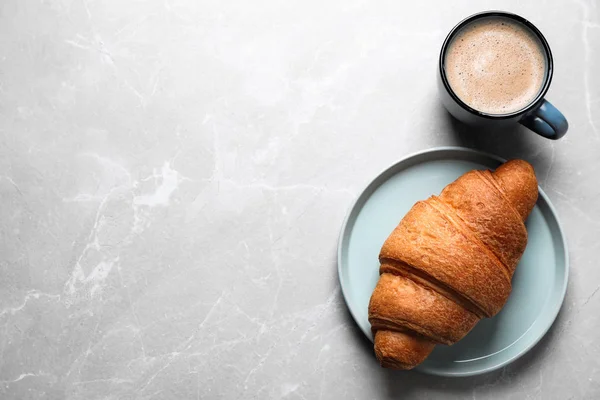 Frisches Croissant Und Kaffee Auf Hellgrauem Marmortisch Flach Gelegt Raum — Stockfoto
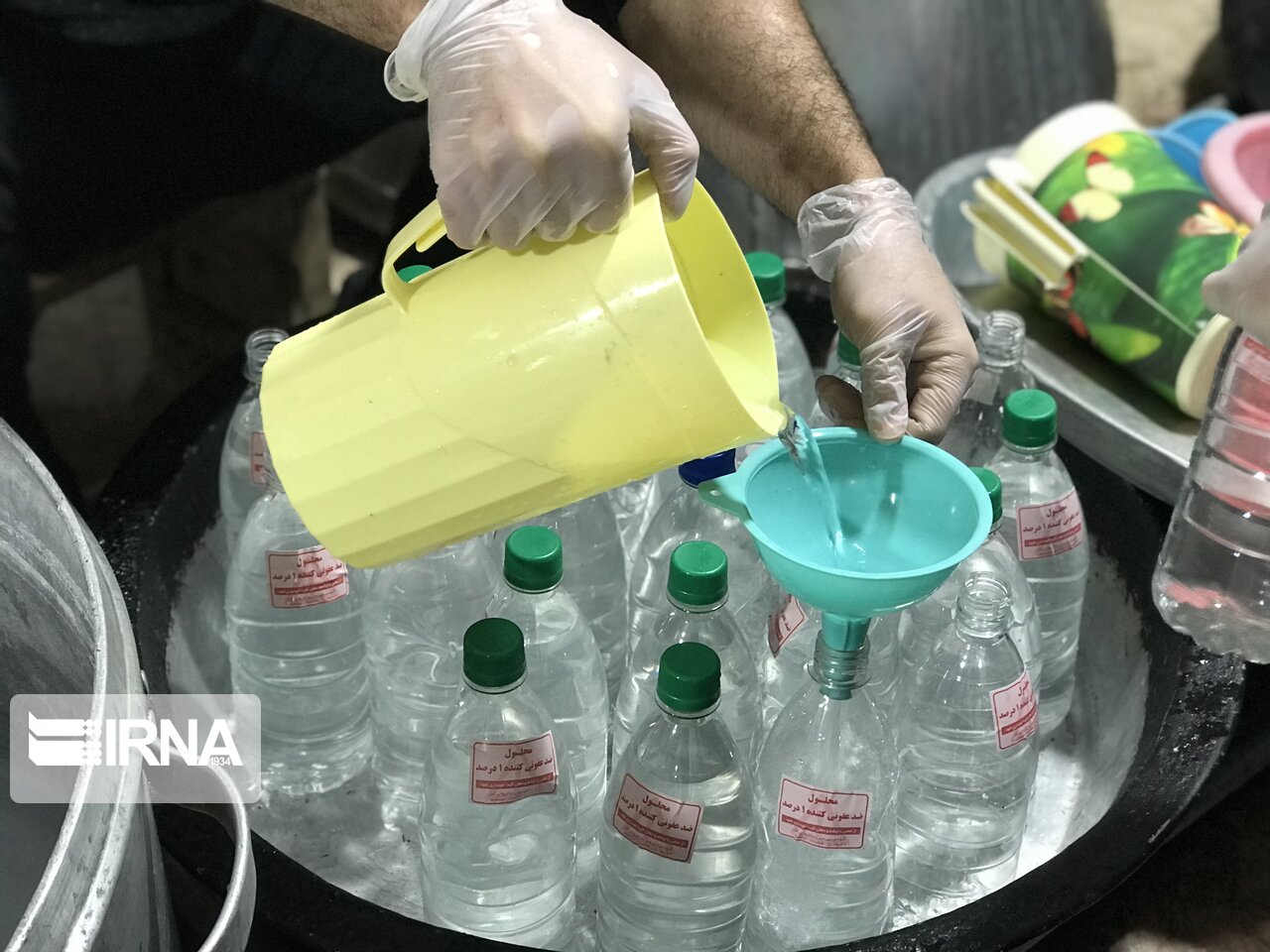 پس از استفاده از اسپری‌های ضدعفونی کننده دست‌ها را خشک نکنیم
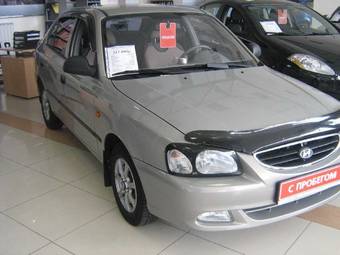 2007 Hyundai Accent Pictures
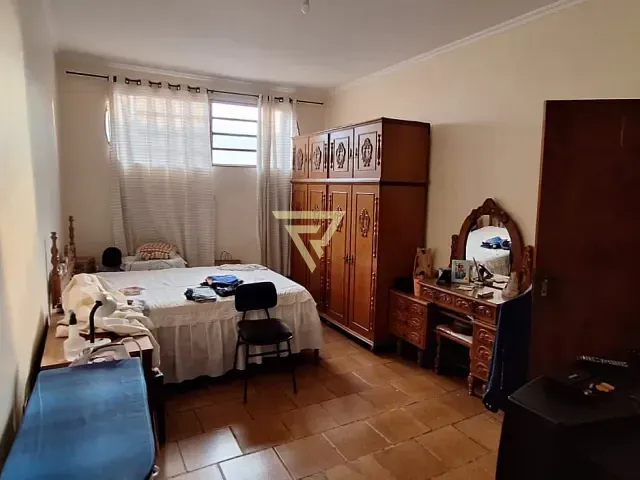 Casa com 250m² 3 quartos e 1 banheiro, à venda, no bairro Vila Albertina em Ribeirão Preto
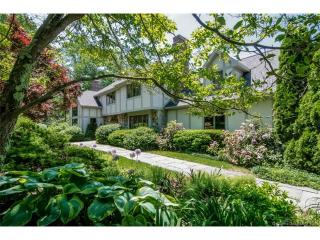 133 Northridge Dr, Waterbury CT  06708-1110 exterior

→ Exercise
Write out, exactly and with nothing added, every line from the one that holds "پس از استفاده" to the end of the entries above; pictures stay out.

→ Solution for this task
 پس از استفاده از اسپری‌های ضدعفونی کننده دست‌ها را خشک نکنیم
 2007 Hyundai Accent Pictures
 Casa com 250m² 3 quartos e 1 banheiro, à venda, no bairro Vila Albertina em Ribeirão Preto
 133 Northridge Dr, Waterbury CT  06708-1110 exterior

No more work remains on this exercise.